The prisoner defended himself in court, claiming the common law defense of necessity. He testified that a man serving three life sentences for three prior murders had threatened to kill him unless he slayed his bunkmate. The story (inadvertently I'm sure) raises some very serious problems for the anti-death penalty crowd. What happens to a man when you can't touch him? If he's in for three consecutive life sentences, what else can you do to him with no death penalty deterrent?

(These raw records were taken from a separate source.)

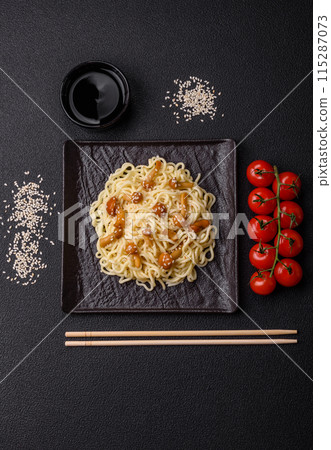 Delicious Asian cuisine dish with rice noodles, peppers, mushrooms and spices 115287073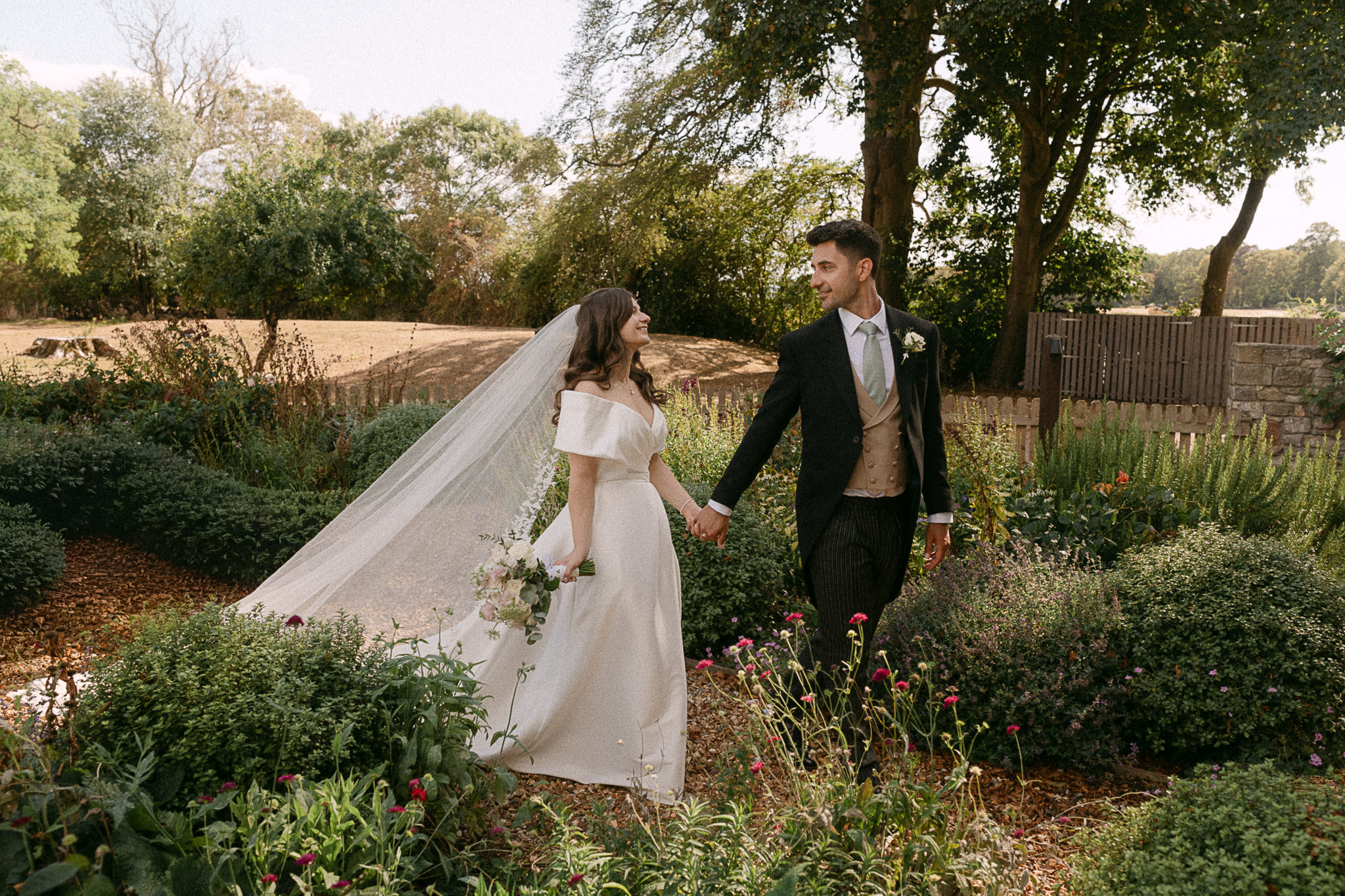 Bride and groom walking through a cottage garden, her veil lifted by the breeze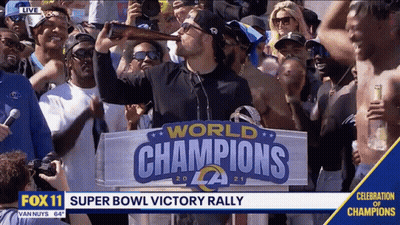 Man Drinking Beer In Front Of World Champions Sign GIF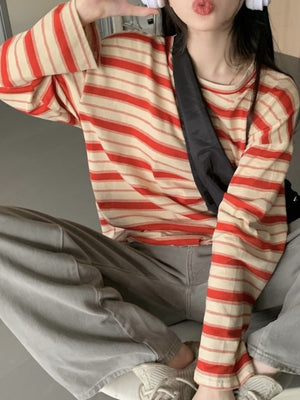 ivory t-shirt with oversized fit and long sleeve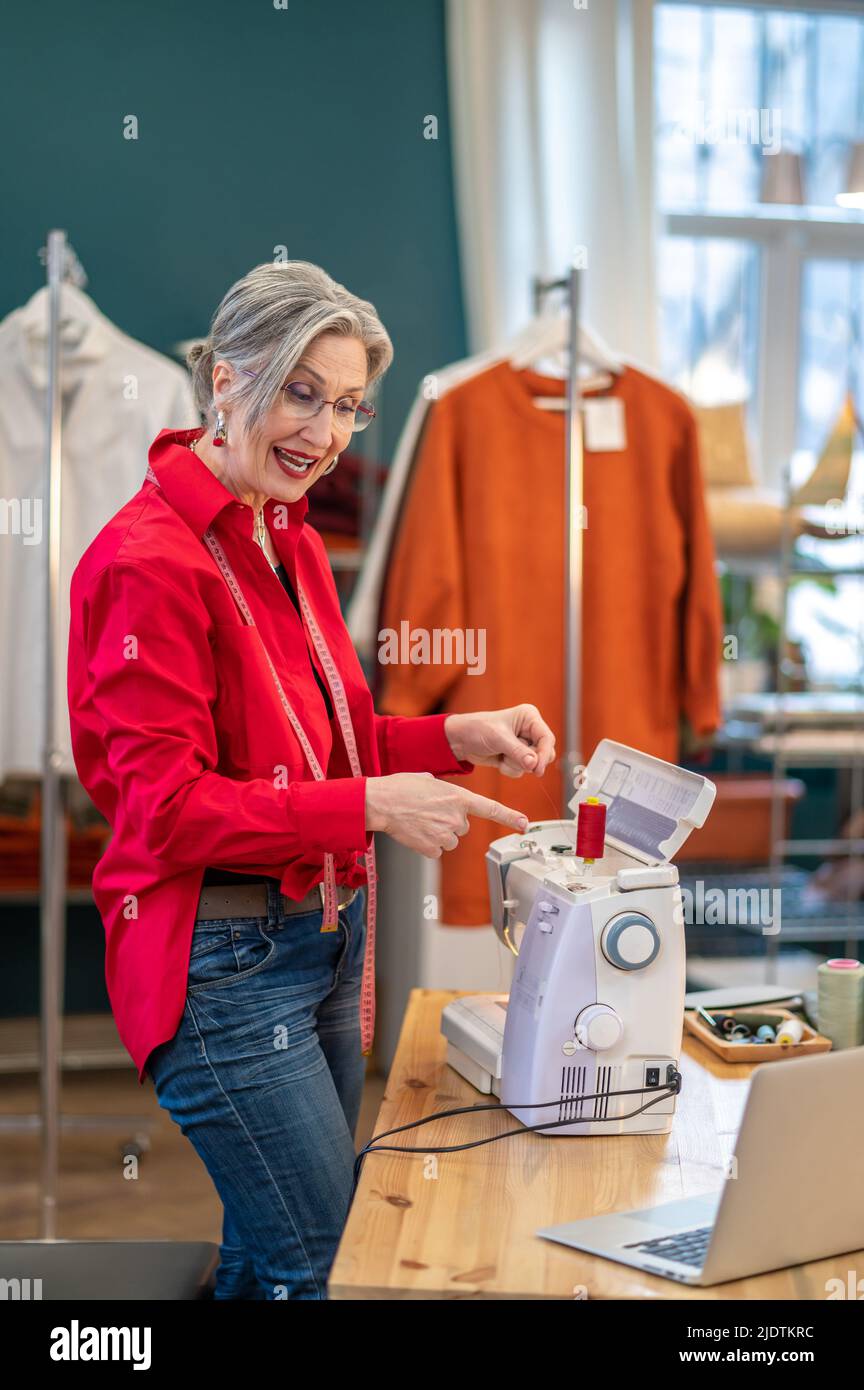 Frau in der Nähe der Nähmaschine, die in den Laptop spricht Stockfoto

The story ends with the prisoner escaping from the courthouse after killing a guard. One thing I do like from what I've seen/heard of the series is that Kelly isn't pretentious and doesn't glamorize criminal defense lawyers. He's quite honest that many of their clients are guilty, that if they are released they will commit more crimes, even against the attorneys that defended them. While it's more gritty than shows like Perry Mason and Matlock, it avoids painting an unrealistic picture of the legal profession and it's clients: Clean cut all-american kids who are wrongly accused were most of them. The degree of honesty Kelly shows is refreshing and it's important that people who may be interested in law get a proper perception of what they're getting into, rather than the glamorized notions provided by Lawyer shows past.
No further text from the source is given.